Investigating the impact of volatile compounds on the flavor profiles of foods and drinks
Volatile profiling of food and beverages is crucial for understanding and enhancing their quality, safety, and consumer appeal. Analysing these volatiles presents several challenges due to the diversity of chemical classes, their varying concentrations, and the complex matrices involved, which can be problematic for conventional gas chromatography–mass spectrometry (GC–MS) approaches.
Join Prof. Kieran Kilcawley, Principal Research Officer at Teagasc Food Research Centre and Adjunct Professor, University College Cork and Technological University Dublin, as he explores how innovative extraction and enrichment techniques, combined with state-of-the-art GC–MS analyses, can overcome these difficulties and deliver more detailed and accurate volatile profiles.
Key learning objectives
- Understand the critical role volatile compounds play in shaping the flavor and overall quality of food and beverages
- Learn about the latest techniques for the sensitive extraction and analysis of aroma-active compounds, including high-capacity sorptive extraction and comprehensive two-dimensional gas chromatography (GCxGC).
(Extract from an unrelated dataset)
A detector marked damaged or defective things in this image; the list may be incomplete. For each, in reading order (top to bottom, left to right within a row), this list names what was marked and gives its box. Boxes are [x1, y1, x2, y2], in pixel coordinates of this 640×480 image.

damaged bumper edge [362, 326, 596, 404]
- Explore practical applications through case studies, including volatile profiling of whiskey, analysis of fatty acids in dairy products, and evaluating the impact of cooking temperature on the volatile profile of beef
Who should attend?
- Food scientists who want to understand more about profiling, odour perception, sensory evaluation, and food authenticity analysis.
- R&D food scientists and analytical scientists who want to enhance their understanding of analysing complex samples.
- GC(–MS) users eager to hear about the latest instrument developments.
Certificate of attendance
All webinar participants can request a certificate of attendance, including a learning outcomes summary, for continuing education purposes.
Speakers
Prof. Kieran Kilcawley oversees the flavor chemistry facility at Teagasc, where he conducts extensive research on flavors in various foods and beverages. He became an Adjunct Professor in the Department of Food and Nutritional Sciences at University College Cork in 2020 and in the School of Food Science and Environmental Health at the Technological University Dublin in 2024. His expertise encompasses advanced gas chromatography and mass spectrometry, including olfactometry, as well as aroma extraction, method development and validation, data processing, and chemometrics.